When we downsample our MAS-ISO-seq output to different levels (1.6M to 33M reads, panel B), we can see how more long read data influences a similar clustering analysis. As we add more data, cell clustering becomes more stable, increasingly resembling that of the short reads.
Comparison of short read clustering to in silico downsampling of long read data. (A) UMAP embedding of single-cell gene expression of 6,260 CD8+ T cells from short (B) In silico downsampling analysis of MAS-ISO-seq reads; (top) evolution of UMAP embedding vs. depth (the long-read UMAPs are annotated with the cell identities determined from the short-read data); (middle) adjusted Rand index (ARI) between short-reads reference annotations and downsampled long reads vs. depth; (bottom) number of statistically significant differentially spliced genes vs. depth.
Adding more data also allows us to do progressively better at annotating a custom transcriptome for these cells – using StringTie2 to augment the canonical Gencode annotations with high-confidence transcripts found in these cells. Our ability to identify differentially spliced genes among cell clusters increases substantially as a function of overall read count: up to a 34-fold gain (1604 vs 47) when we use the entire dataset!
Future directions and availability of the software
We’re very excited by MAS-ISO-seq’s ability to produce substantially higher throughput full-length isoform sequencing in single cells. And this is just the start! Over the coming months, we plan to add more capabilities to our processing software, Longbow. Support for more array designs (e.g. 10x Genomics 3’ kit, spatial transcriptomics, etc.), support for full-length poly(A) tail capture, more robust training for the HMM, speed and usability enhancements, and more.
Like all software authored in the Data Sciences Platform, Longbow is open-source (BSD-3-Clause License) and should work on any reasonable HPC environment. We also provide a Docker image with all of the relevant dependencies preinstalled, as well as an easy-to-install PyPi package.

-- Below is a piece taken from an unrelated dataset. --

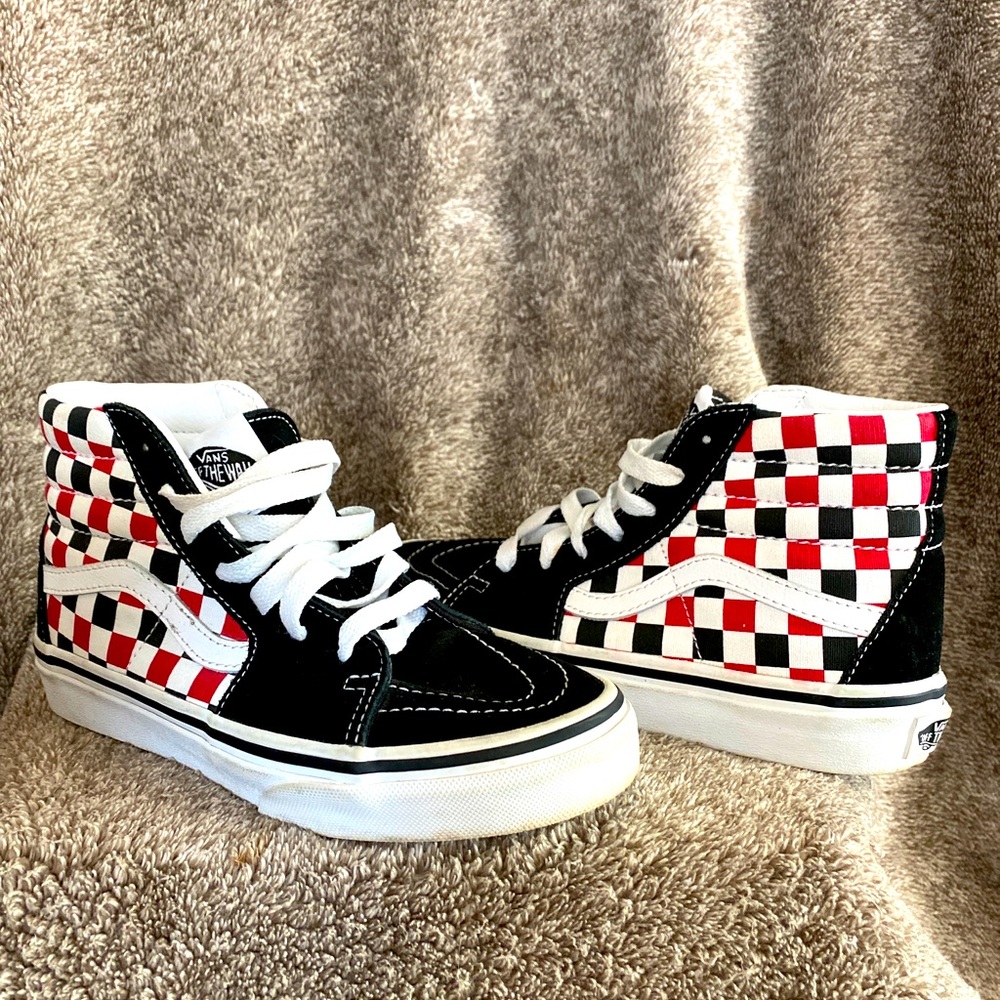 Kids size 1.5 VANS High Top Checkerboard black/white/red style 751505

For your convenience, we also provide a reproducible workflow for going from raw PacBio output to properly segmented and filtered reads ready for analysis. We plan to make further improvements to this workflow in the coming months, such as the ability to output gene-level and isoform-level quantification matrices that can be imported directly into Scanpy for analysis. The workflow is available from Github and Dockstore, and we make it available in a public Terra workspace, preconfigured to run on some example data, to enable anyone to try out the method quickly without any setup work. Please check it out and let us know what you think!
Resources
- The MAS-ISO-seq preprint can be found at https://www.biorxiv.org/content/10.1101/2021.10.01.462818v1. Comments/reviews are most welcome!
- The Longbow software can be found at https://github.com/broadinstitute/longbow and on Pypi at https://pypi.org/project/maslongbow/, with documentation at https://broadinstitute.github.io/longbow/. Comments and issue reports are welcome there too.
- An example dataset of Spike-In RNA Variants (Lexogen SIRV-Set 4) and the workflow for initial data processing can be found in this Terra workspace.
- If you are new to running workflows in Terra, see the Workflows Quickstart Tutorial to learn how you can use the preconfigured workspace to try out the method yourself.